*** Block opens ***

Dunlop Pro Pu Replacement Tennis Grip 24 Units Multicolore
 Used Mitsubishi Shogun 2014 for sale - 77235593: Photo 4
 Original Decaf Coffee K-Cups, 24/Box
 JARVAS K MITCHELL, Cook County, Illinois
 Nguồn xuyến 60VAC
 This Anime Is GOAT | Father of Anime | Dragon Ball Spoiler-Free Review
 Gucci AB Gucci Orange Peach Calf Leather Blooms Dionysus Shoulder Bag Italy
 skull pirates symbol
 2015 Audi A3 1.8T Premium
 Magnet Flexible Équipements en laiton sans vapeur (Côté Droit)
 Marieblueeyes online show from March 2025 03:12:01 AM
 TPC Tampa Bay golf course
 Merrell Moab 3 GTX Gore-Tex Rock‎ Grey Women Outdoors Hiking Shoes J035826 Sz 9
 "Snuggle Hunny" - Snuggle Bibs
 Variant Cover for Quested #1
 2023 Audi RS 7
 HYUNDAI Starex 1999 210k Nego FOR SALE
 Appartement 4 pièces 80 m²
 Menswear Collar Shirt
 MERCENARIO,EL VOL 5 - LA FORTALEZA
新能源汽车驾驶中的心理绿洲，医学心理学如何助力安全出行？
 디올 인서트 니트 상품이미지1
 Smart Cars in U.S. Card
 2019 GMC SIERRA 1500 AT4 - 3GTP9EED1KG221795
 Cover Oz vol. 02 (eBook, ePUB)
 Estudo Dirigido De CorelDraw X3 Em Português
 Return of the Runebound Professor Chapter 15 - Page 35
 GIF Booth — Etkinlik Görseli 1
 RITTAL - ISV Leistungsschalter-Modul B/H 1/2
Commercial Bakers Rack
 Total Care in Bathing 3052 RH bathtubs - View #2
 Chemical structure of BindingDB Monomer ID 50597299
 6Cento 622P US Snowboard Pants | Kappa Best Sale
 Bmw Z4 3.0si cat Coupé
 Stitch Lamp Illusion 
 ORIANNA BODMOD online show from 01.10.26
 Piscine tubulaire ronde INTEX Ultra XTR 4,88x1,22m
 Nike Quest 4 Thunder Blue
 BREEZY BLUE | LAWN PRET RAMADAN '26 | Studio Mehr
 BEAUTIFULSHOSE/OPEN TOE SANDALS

*** Block closes ***

ASSIGNMENT: All lines above that include the word "show" should be located and copied.

RESPONSE FOR THIS EXERCISE:
 Marieblueeyes online show from March 2025 03:12:01 AM
 ORIANNA BODMOD online show from 01.10.26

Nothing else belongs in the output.